29/02/2008
Juízes de Campina Grande sob suspeição
O Tribunal de Justiça deverá apreciar dia 12 o susposto envolvimento de quatro juízes
Clóvis Gaião
clovisgaiao@jornalonorte.com.br
O Tribunal de Justiça da Paraíba deverá apreciar no próximo dia 12 o suposto envolvimento de quatro juízes de Campina Grande e advogados com um esquema de execução de multas "astronômicas" contra bancos e empresas de grande porte do Estado. O esquema, que criou uma verdadeira "indústria de multas" nas Varas Cíveis de Campina Grande havia sido divulgado com exclusividade pelo Jornal no dia 27 de outubro de 2007 e o fato vem à tona novamente com o pedido do corregedor geral de Justiça, desembargador Júlio Paulo Neto, para que o processo entre na pauta da próxima sessão administrativa do Pleno.
O esquema teria liberado mais de R$ 20 milhões em multas e indenizações, conforme denúncias feitas por advogados de grandes empresas ao Ministério Público do Estado. O corregedor geral de Justiça, Júlio Paulo Neto, confirmou a conclusão da correição realizada "in loco" durante mais de 1 mês, onde foram analisados 20 mil processos que levaram os corregedores a concluírem sobre a procedência de parte das denúncias.

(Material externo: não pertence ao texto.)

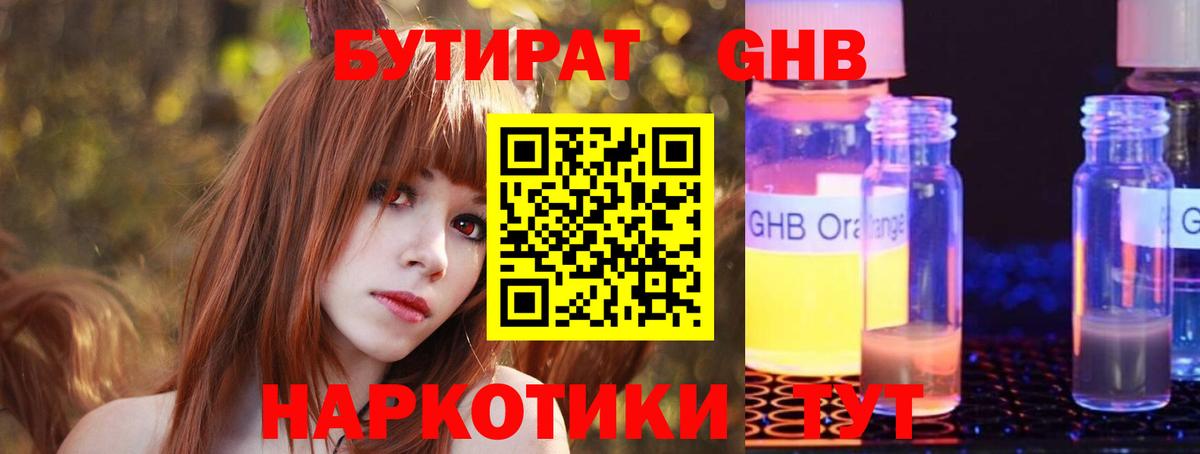 Бутират BDO  БУТИРАТ  Верхняя Салда  Вход с VPN 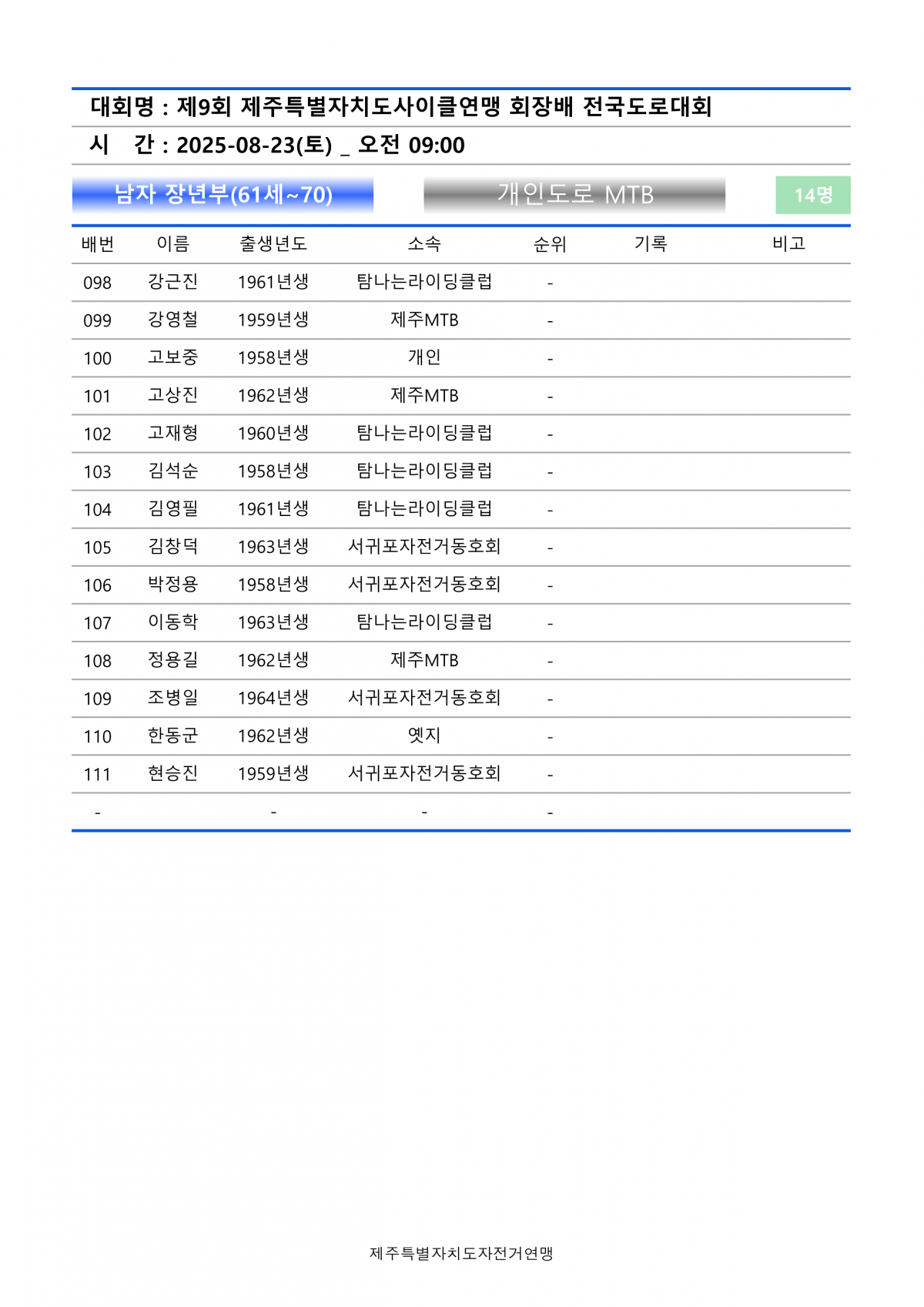 d543c69015e66ab800b8e188b5119ff9_1755306267_2492.png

A principal constatação da Corregedoria foi um excesso de fixação de astreinte-fixação de multa cominatórias nos processos judiciais em benefício dos próprios juízes e de advogados das partes. "Essa prática, de acordo com o corregedor Júlio Paulo Neto, foi verificada em quatro Varas Cíveis de Campina Grande". Juntos, de acordo com a correição, eles acataram dezenas de ações que resultaram em multas acima do normal, concedidas de forma célere, diferentemente do que geralmente acontece para o cidadão comum que utiliza a justiça brasileira.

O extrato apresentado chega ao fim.